In Portland, Oregon a citywide electronic medical records project financially supported in part by the business community cannot be implemented because one of the primary savings it would facilitate, a major reduction in duplicate medical tests, is a significant source of hospital income. Hospitals do not want to lose the income they collect from performing those tests.
Throughout the nation private equity groups, not traded on stock exchanges and therefore not subject to mandatory public reporting of their activities, are buying nursing homes. Two consequences often result from such consolidations: The new owners cut costs, largely staff costs, with an almost inevitable decline in quality of care; they also organize themselves into such complex structures that it becomes almost impossible to identify and hold accountable the entities responsible for the injuries and deaths that often result from such cost-cutting, whether through regulation or litigation.
In Los Angeles and Orange counties nearly two dozen hospitals, including one of Orange County's three trauma centers and representing 15 per cent of the area's hospital beds, are in severe financial crisis, possibly facing bankruptcy. There are several reasons for this situation. Public facilities have closed in recent years, causing Medicaid recipients and uninsured people to go to private hospitals seeking care; the number of uninsured patients visiting private hospitals has increased by one third since 2002. Moreover California's Medicaid reimbursements are among the lowest in the country. A few large facilities attract an increasing number of physicians and insured patients at the expense of smaller community hospitals. At the same time those large facilities have greater negotiating power with insurance companies. Consequently, the same facilities with the most insured patients also collect more money from those patients. And desirable regulation, such as requirements to increase nurse-patient ratios and to retrofit hospitals to better withstand earthquakes, add costs to financially weak hospitals.
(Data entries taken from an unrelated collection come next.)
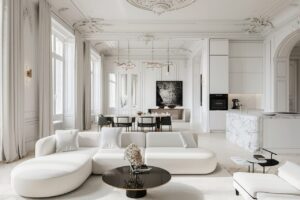 Salon lumineux d’un appartement haussmannien avec parquet en bois, moulures au plafond et cheminée en marbre.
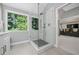 Glass-enclosed shower with tiled walls and flooring, next to double vanity sinks with a large window at 155 Glenside Ln, Duluth, GA 30097
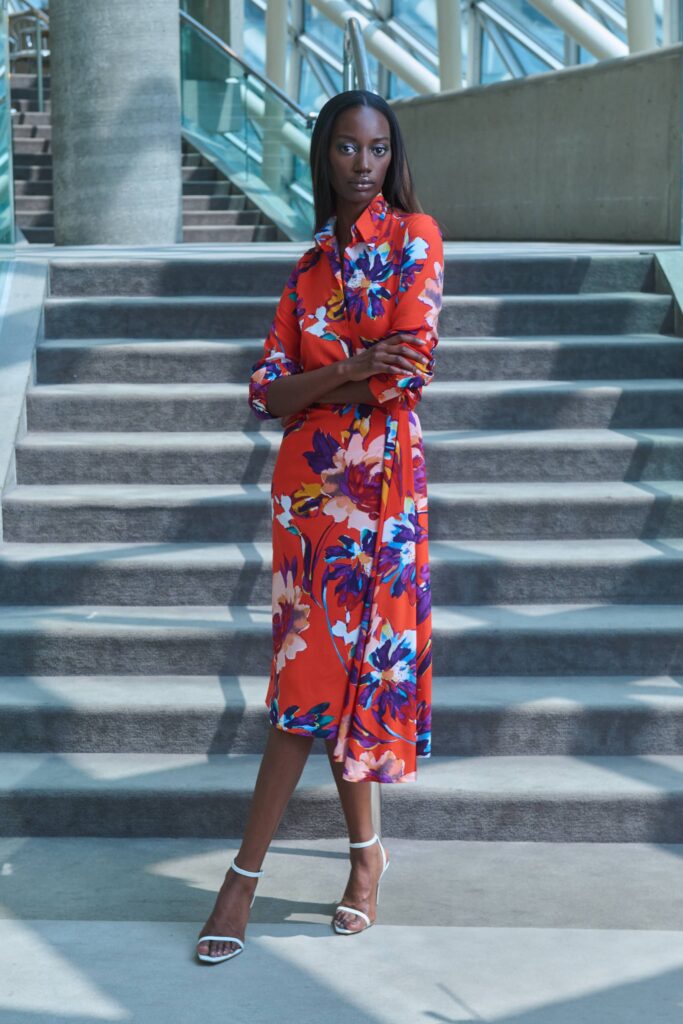 A fitted red dress with long sleeves, a collared neckline, and a floral design.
Each of these examples, which could be multiplied endlessly, illustrates why current health care delivery reform proposals that address only providing affordable insurance to US residents will not remedy the disaster that is our current "health care system". Only in Los Angeles does the insurance non-system contribute to the problem, and there it is only one contributing factor. A major common factor in all these situations are the fact that each participant in the entire system operates in his, her or its individual interest, an interest that has no necessary relation to the broad public interest in safe, reasonably priced, reasonably convenient and effective health care.
In the Portland example, its hospitals, all of which are nominally non-profit, torpedoed an initiative that, at the very least, would have reduced the performance of unnecessary and possibly dangerous medical procedures on patients. No provision of current proposals for universal insurance would address this kind of problem.
The nursing home situation illustrates the consequences of leaving health care services to the "free market". Facilities are consolidated into massive conglomerates, not even subject to the minimal controls on their activities provided by public reports on their activities. "Competition" is eliminated in favor of a massive and general reduction in standards of care aimed at increasing their financial return. Patients or those who assume responsibility for arranging their care cannot evaluate the quality of care in advance. The facilities themselves are insulated from any adverse consequences of the inferior care they provide.
LA/Orange County is a microcosm of many problems afflicting the nation. In this case, some of the crisis can be attributed to a lack of insurance. But much of it results from disparities, both between private insurance and Medicaid payments and among private insurance payments to different hospitals. Another problem is the lack of any mechanism, economic incentive, government regulation or both, to assure that health care facilities and providers remain in locations that give reasonable access to all rather than closing or moving to a few central locations.
A multiple payer, private insurance based system, as outlined in the plans of the major Democratic candidates could address these and other problems. But to do so such a plan would have to acknowledge and address the fact that our current health care "system" suffers many destabilising problems that have little or nothing to do with insurance in isolation. None of the plans yet presented does so.